Work instructions
Return the data below unchanged. Drop any pictures.

::: Information supplied

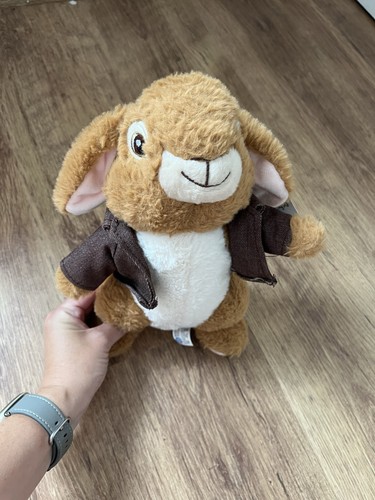 Benjamin bunny plush - plush, soft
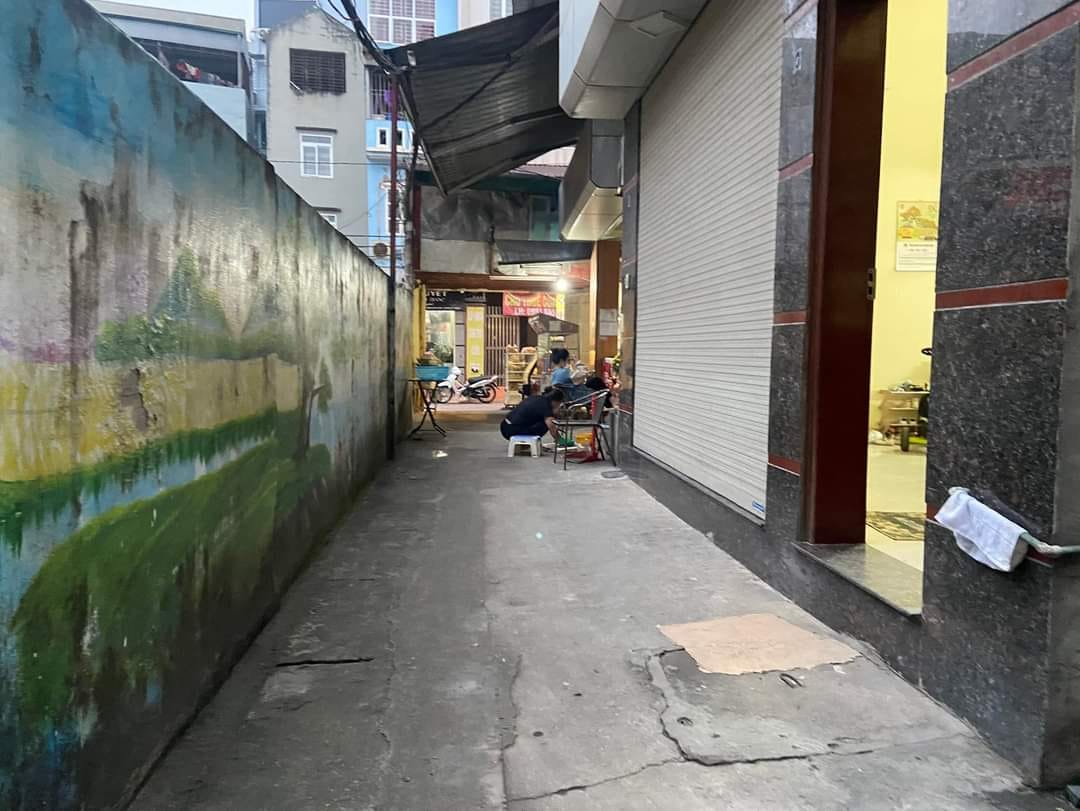 Bán nhà Gần Công Viên HÒa BÌnh – 15m ra phố – chỉ nhỉnh 5 tỷ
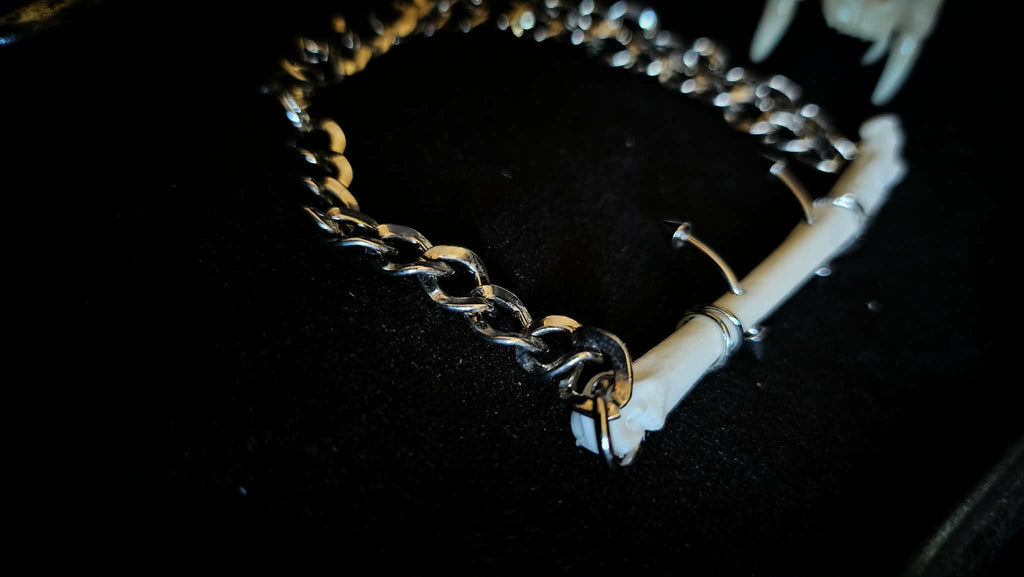 Bonees silver bracelet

::::::

Exercise solution
 Benjamin bunny plush - plush, soft
 Bán nhà Gần Công Viên HÒa BÌnh – 15m ra phố – chỉ nhỉnh 5 tỷ
 Bonees silver bracelet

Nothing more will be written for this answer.